In the late 1800s, a six hundred pages book entitled, The Royal Path of Life, written by T. L. Haines and L. W. Yaggy, M.S became popular both in refined East and in the pioneer West (It’s hard to get this book, but there is website http://royalpathoflife.com/ where you can get to read it online). It is filled with great maxims, observations, and homespun wisdom. Here are some parts from the chapter entitled “Reading”:
There are four
classes of readers. The first is like the hour-glass; and its reading being on
the sand, it runs in and runs out and leaves no vestige behind. A second is
like a sponge, which imbibes everything, and returns it in the same state, only
a little dirtier. A third is like a jelly bag, allowing all that is pure to
pass away, and retaining only the refuse and dregs. The fourth is like the
slaves in the diamond mines of Golconda, who, casting aside all that is
worthless, obtain only pure gems.
One's reading is,
usually, a fair index of his character... "A man is known," it is said, "by the company he keeps." It is equally true that a man's
character may be, to a great extent, ascertained by knowing what books he
reads.
You cannot afford
to read a bad book, however good you are. You say, "The influence is insignificant." I tell you that the scratch
of a pin has sometimes produced the lockjaw.
To those who plead
the want of time to read, we would say, be as frugal of your hours as you are
of your dollars, and you can create time in the busiest day.
Master your
reading, and let it never master you. Then it will serve you with an
ever-increasing fidelity. Only read books aright, and they will charge your
mind with the true electric fire. Take them up as among your best friends; and
every volume you peruse will join the great company of joyous servitors who
will wait around your immortal intellect. Then, too, your daily character will
bear the signatures of the great minds you commune with in secret. And, as the
years pass on, you will walk in the light of an ever-enlarging multitude of
well-chosen, silent, but never-erring guides.
To read with
profit, the books must be of a kind calculated to inform the mind, correct the
head, and better the heart. These books should be read with attention,
understood, remembered, and their precepts put in practice.
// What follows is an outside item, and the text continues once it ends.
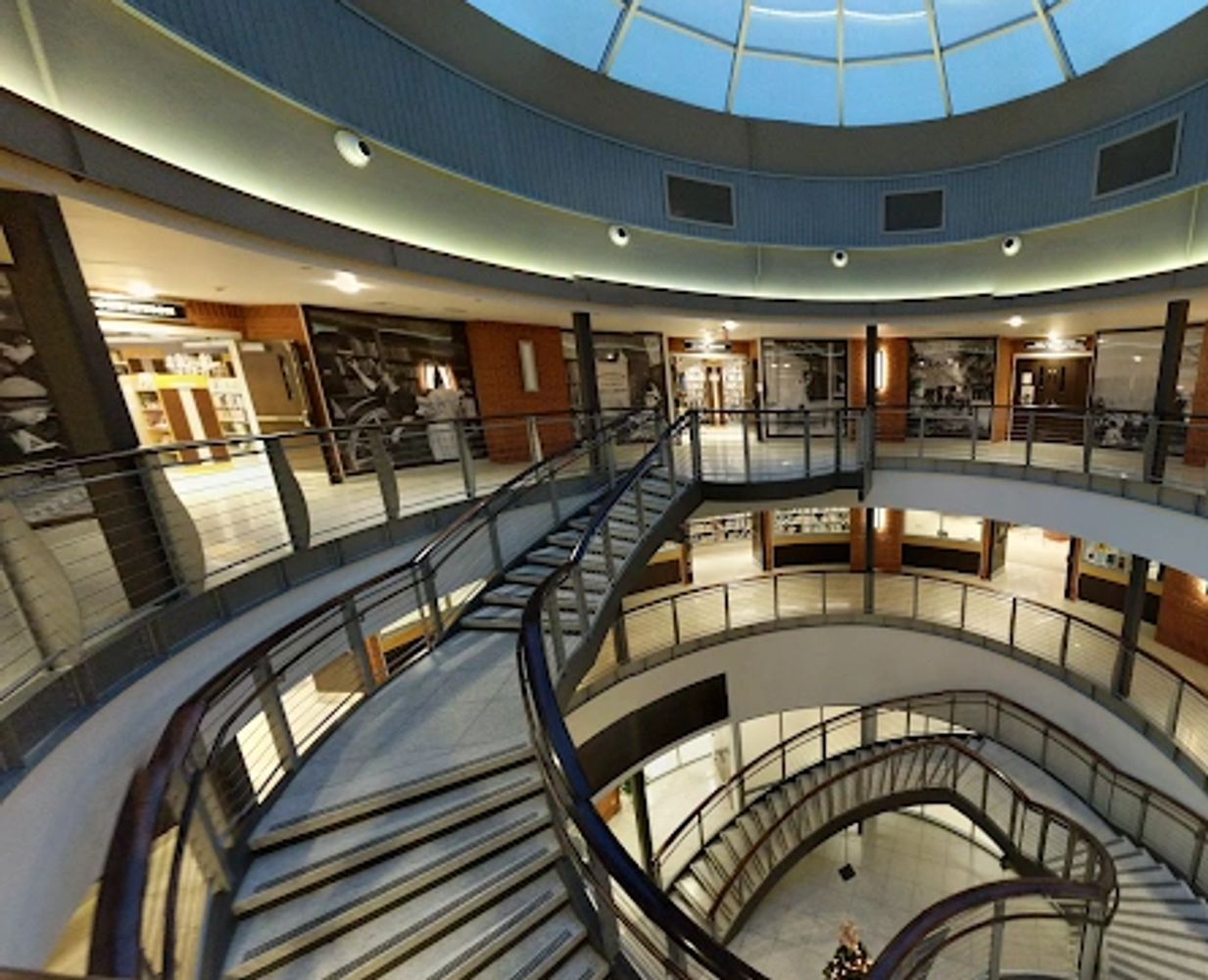 Spiral staircase under a glass dome ceiling in a modern building.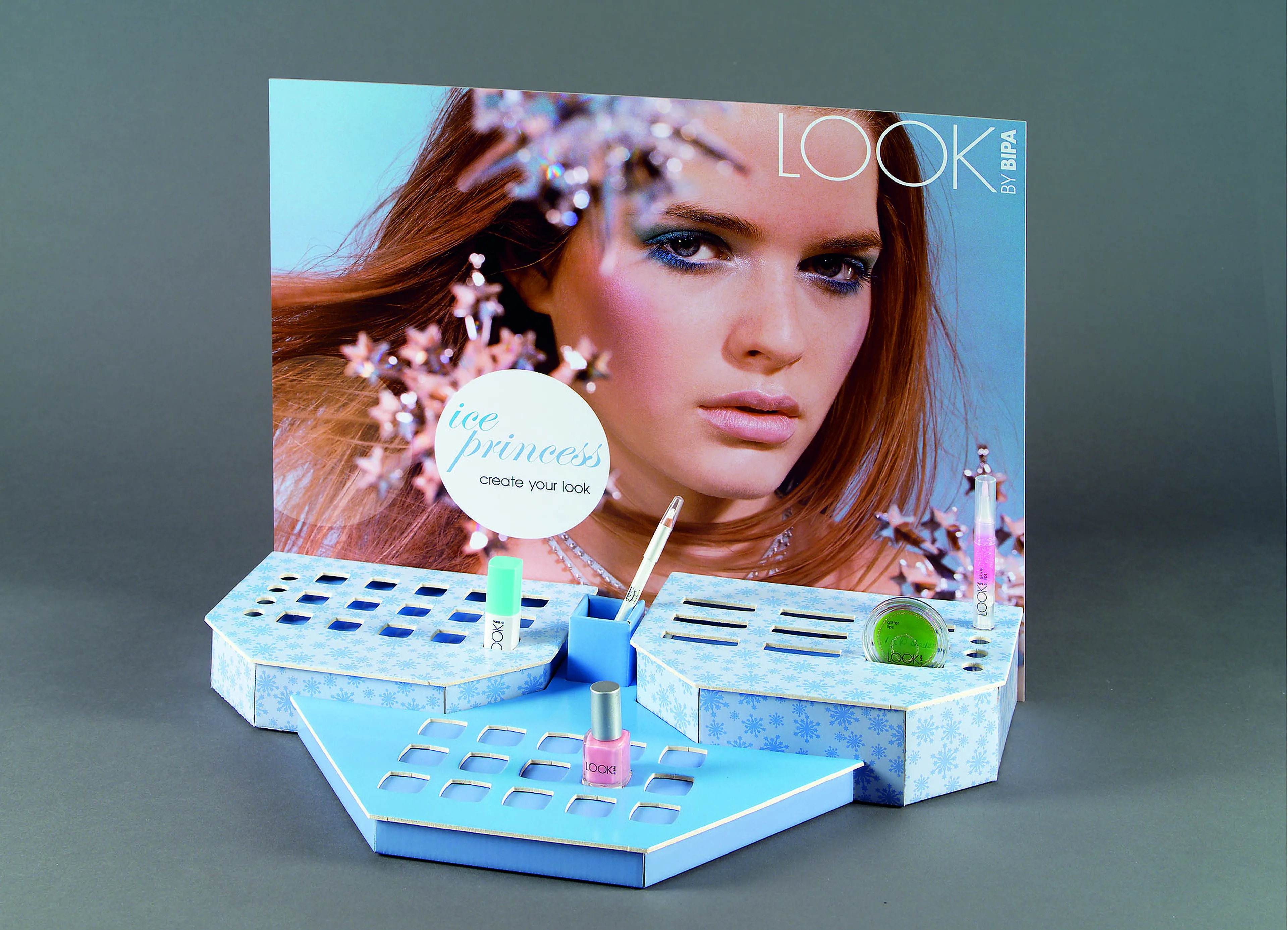 Cosmetics display with makeup items on a hexagonal stand. Background poster features a woman with long hair and the text "ice princess."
It depends less on
number than quality. One good book, well understood and remembered, is of more
use than to have a superficial knowledge of fifty, equally sound. Books of the
right character produce reflection, and induce investigation. They are a mirror
of mind, for mind to look in. Of all the books ever written, no one contains so
instructive, so sublime, and so great a variety as the Bible. Resolve to read
three chapters each day, for one year, and you will find realities there, more
wonderful than any pictures of fiction that have been drawn by the pencilling
of the most practiced novel writer in the dazzling galaxy of ancient or modern
literature.
“We are what we read” (Anonymous)
THINK BIG.
START SMALL. GO DEEP.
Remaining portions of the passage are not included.